For more information, see the Joint Commission on Allied Health Personnel in Ophthalmology website.

Nuclear Cardiology Technologist: Professional certification is a vital component of a successful career.

For more information, see the Nuclear Medicine Technology Certification Board website.

LOCATION INFORMATION: Detroit, Michigan

Detroit, Michigan
Detroit, Michigan photo by Durova

Detroit is located in Wayne County, Michigan. It has a population of over 912,062, which has shrunk by 4.1% in the past ten years. The cost of living index in Detroit, 86, is well below the national average. New single-family homes in Detroit are priced at $108,900 on average, which is well below the state average. In 2008, eighty-five new homes were built in Detroit, down from one hundred fifty-four the previous year.

The three big industries for women in Detroit are health care, educational services, and transportation equipment. For men, it is transportation equipment, construction, and administrative and support and waste management services. The average commute to work is about 28 minutes. More than 11.0% of Detroit residents have a bachelor's degree, which is lower than the state average. The percentage of residents with a graduate degree, 4.2%, is lower than the state average.

The unemployment rate in Detroit is 27.0%, which is greater than Michigan's average of 14.3%.

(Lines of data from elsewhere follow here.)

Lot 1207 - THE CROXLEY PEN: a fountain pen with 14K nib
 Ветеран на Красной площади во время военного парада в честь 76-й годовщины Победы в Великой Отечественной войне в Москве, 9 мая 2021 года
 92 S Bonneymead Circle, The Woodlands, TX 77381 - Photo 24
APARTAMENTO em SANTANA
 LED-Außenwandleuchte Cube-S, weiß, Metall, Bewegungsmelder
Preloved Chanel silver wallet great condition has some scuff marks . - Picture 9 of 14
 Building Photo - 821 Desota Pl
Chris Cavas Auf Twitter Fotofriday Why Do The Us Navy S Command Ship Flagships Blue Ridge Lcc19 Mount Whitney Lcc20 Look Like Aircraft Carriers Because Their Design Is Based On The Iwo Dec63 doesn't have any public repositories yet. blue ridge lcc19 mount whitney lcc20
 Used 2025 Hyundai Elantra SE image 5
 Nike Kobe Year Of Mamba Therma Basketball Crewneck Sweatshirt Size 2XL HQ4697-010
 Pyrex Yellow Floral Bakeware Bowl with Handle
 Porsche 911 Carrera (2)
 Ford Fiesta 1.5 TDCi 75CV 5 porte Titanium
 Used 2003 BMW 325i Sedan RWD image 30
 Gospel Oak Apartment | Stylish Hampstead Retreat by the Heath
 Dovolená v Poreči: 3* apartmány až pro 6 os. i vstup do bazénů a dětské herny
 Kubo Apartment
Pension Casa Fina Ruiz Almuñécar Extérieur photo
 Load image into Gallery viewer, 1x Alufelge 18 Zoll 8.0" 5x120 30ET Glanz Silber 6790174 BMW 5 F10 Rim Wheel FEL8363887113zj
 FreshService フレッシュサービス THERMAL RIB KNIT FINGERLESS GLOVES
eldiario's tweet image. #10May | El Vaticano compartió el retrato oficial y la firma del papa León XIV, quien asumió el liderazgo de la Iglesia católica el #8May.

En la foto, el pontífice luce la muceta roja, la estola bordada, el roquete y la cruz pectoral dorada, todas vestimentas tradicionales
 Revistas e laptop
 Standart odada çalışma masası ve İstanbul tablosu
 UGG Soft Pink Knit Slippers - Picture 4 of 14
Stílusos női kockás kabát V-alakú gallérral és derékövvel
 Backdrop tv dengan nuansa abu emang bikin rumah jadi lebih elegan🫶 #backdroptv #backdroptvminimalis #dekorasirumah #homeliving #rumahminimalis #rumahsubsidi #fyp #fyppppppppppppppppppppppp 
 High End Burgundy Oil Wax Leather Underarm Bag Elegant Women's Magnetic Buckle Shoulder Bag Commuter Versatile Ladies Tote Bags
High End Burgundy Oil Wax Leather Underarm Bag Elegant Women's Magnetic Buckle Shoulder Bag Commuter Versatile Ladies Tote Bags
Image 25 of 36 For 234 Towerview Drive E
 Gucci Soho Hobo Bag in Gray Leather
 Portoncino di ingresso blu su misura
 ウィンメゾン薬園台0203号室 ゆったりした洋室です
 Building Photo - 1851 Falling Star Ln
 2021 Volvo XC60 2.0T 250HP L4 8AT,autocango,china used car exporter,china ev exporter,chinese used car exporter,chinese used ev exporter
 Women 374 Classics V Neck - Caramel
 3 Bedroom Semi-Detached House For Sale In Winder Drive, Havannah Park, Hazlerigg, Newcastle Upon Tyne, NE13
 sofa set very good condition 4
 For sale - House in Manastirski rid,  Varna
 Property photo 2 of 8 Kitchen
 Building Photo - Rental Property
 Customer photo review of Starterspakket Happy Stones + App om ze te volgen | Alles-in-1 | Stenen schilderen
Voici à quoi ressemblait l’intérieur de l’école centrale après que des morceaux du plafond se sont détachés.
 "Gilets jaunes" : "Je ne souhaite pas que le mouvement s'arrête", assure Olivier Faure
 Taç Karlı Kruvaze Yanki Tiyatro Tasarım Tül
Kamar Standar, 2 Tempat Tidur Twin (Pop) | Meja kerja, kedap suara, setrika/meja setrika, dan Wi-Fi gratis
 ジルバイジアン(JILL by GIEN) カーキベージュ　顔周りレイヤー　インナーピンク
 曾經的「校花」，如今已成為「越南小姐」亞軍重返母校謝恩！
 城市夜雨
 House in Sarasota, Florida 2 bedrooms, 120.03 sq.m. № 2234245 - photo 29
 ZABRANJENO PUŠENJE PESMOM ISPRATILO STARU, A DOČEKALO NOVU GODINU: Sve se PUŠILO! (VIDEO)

The percentage of Detroit residents that are affiliated with a religious congregation, 37.7%, is less than both the national and state average. The most common religious groups are the Catholic Church, the Muslim Estimate and the Lutheran Church.

Detroit is home to the Memorial Park Marina and the Detroit Golf Club as well as Chene Park and Mallett Playground. Visitors to Detroit can choose from Corktown Inn, Clark's Motel and Days Inn of Downtown Detroit for temporary stays in the area.